The hardware is the starting point, of course, but there is more to it than that. In November 2017, Cray launched its Accel AI products and programs aimed at giving businesses the tools and support they need to learn about artificial intelligence, get their projects underway and scale their AI efforts as they grow. Those offerings included configurations of the vendor’s CS-Storm supercomputer that included software specifically for AI, machine learning and deep learning workloads. The systems have eight Nvidia Tesla V100 GPU accelerators and a deep learning software platform from Bright Computing that includes such AI tools as TensorFlow, Caffe2, Chainer, MXNet, and Microsoft Cognitive Toolkit.

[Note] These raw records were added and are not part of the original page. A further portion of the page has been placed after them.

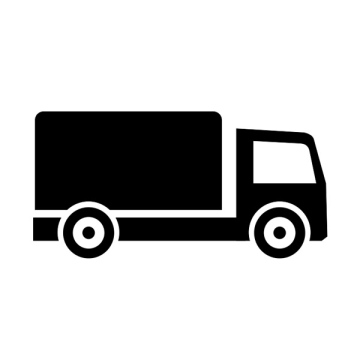 Delivery truck, transport, cargo, free icon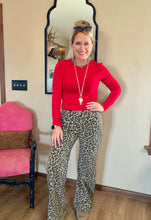Load image into Gallery viewer, Leopard Wide Leg Pants
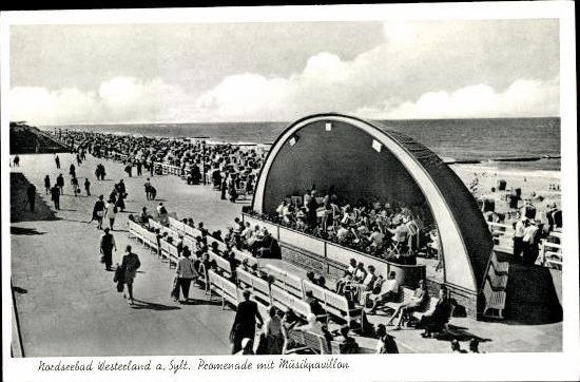 10 alte Ak Westerland auf Sylt, diverse Ansichten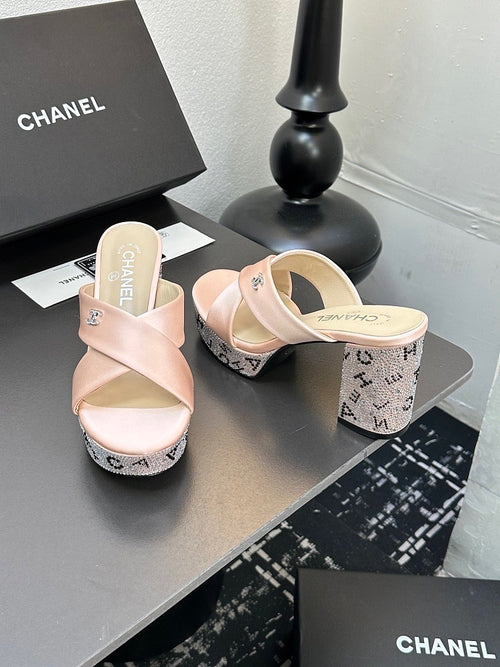 CC Calfskin Platform Sandal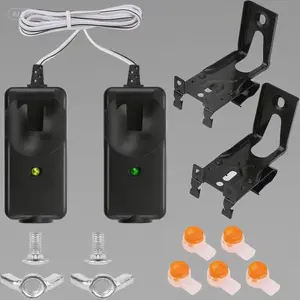 Safety Sensor Beam Kit for Garage Doors - Replacement for Liftmaster, Chamberlain, Craftsman - Includes Adjustable Bracket - Automatic Opener Accessory - 41A5034, 801CB-P Compatible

The solutions also included Cray’s Accel AI Lab to help develop deep learning technologies and workflows, an enhanced Urika-XC analytics software suite with TensorFlow and support for the open source Jupyter Notebook document sharing web application, and a collaboration agreement with Intel around AI. Earlier this year, Cray added a four-GPU version of the CS-Storm 500 that also includes two Intel “Skylake” Xeon SP CPUs and is designed for such uses as neural network training and inference for various HPC applications. Adding a smaller system to the AI mix was a response to what Cray was seeing in the market, according to Paul Hahn, marketing manager for analytics and AI.
Cray’s AI hardware lineup also includes an XC system with the Urika-XC analytics and AI software suite, the Urika-GX analytics platform and the ClusterStor storage appliance with the Lustre high-performance parallel filesystem.

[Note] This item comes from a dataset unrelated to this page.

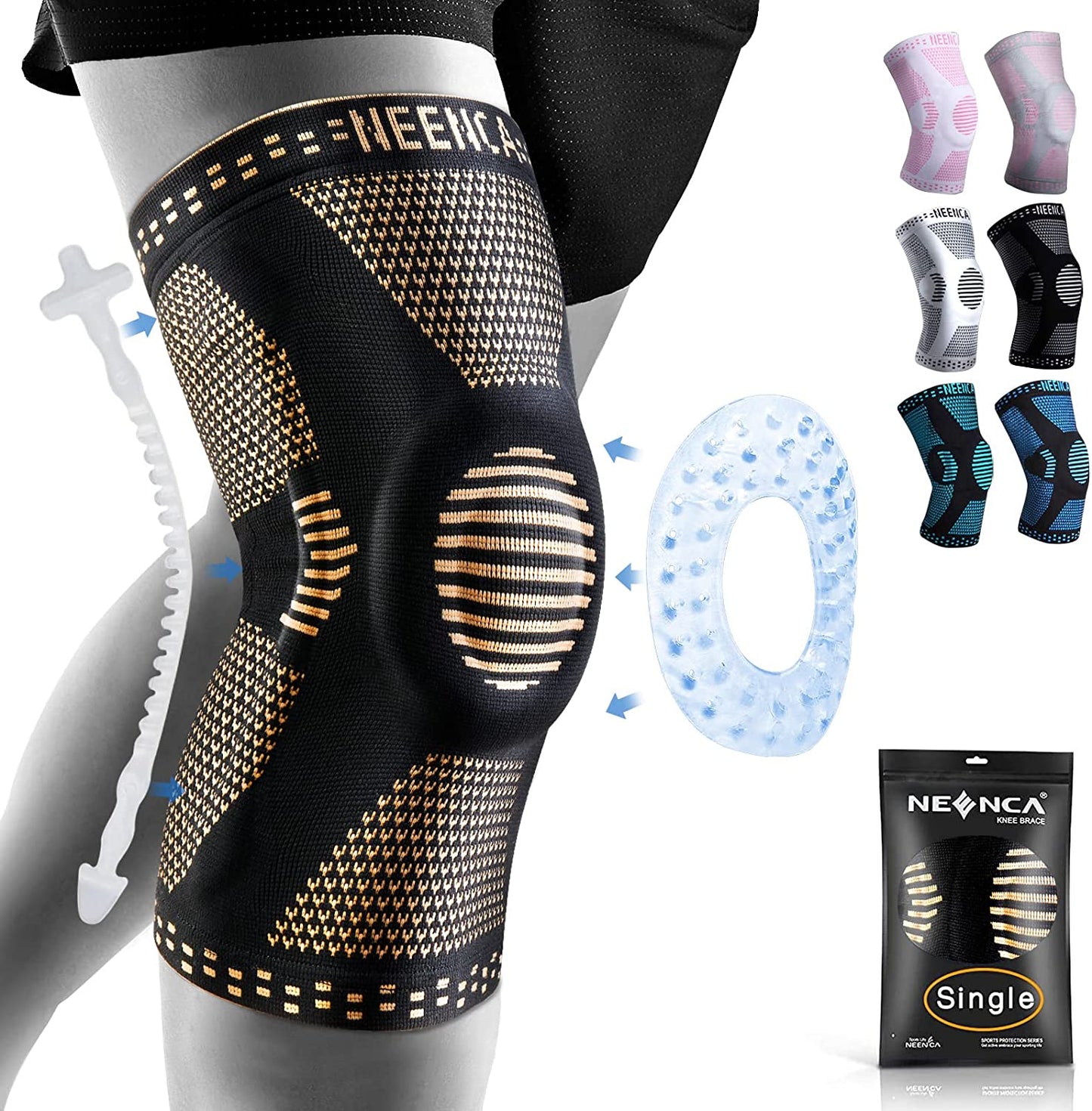 Copper Knee Support with Patella Gel Pad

“Part of the challenge with AI — deep learning in particular — is matching the system to the models being used for a particular use case,” Hahn wrote in a blog post in April when announcing the CS-Storm 500. “On the surface, a system that features eight GPUs is a processing beast able to handle any use case thrown at it. In reality, developing a deep learning model is a bit of an art with the artist — the data scientist — mixing and matching data to models in an effort to achieve accurate results in a timely fashion. And sometimes, the balance between I/O and compute power isn’t quite right (i.e., too little I/O for so much compute). Adding a smaller configuration option isn’t groundbreaking. We know that. Some deep learning use cases require a sledge hammer (a cluster using high-density GPU nodes with eight or ten GPUs per node) while others require a club hammer (a cluster using low-density GPU nodes with four GPUs per node). The key here is matching tools with tasks.”
With the same idea of helping to accelerate the development and use of AI by giving businesses the tools they need, Cray is partnering with the UK Innovation Center and Digital Catapult to offer easier access to the vendor’s supercomputing power and programs. Digital Catapult, which is working to grow the UK economy through advanced technology, runs a program it calls the Machine Intelligence Garage. Through the program, Digital Catapult helps guide startups in the United Kingdom, in large part by giving them access to compute power and expertise. Every six to twelve weeks, the organization through the Machine Intelligence Garage selects 30 startups to support. Through the new partnership, startups will get access to not only Cray’s compute resources, but also its Accel AI Lab and performance analysis expertise.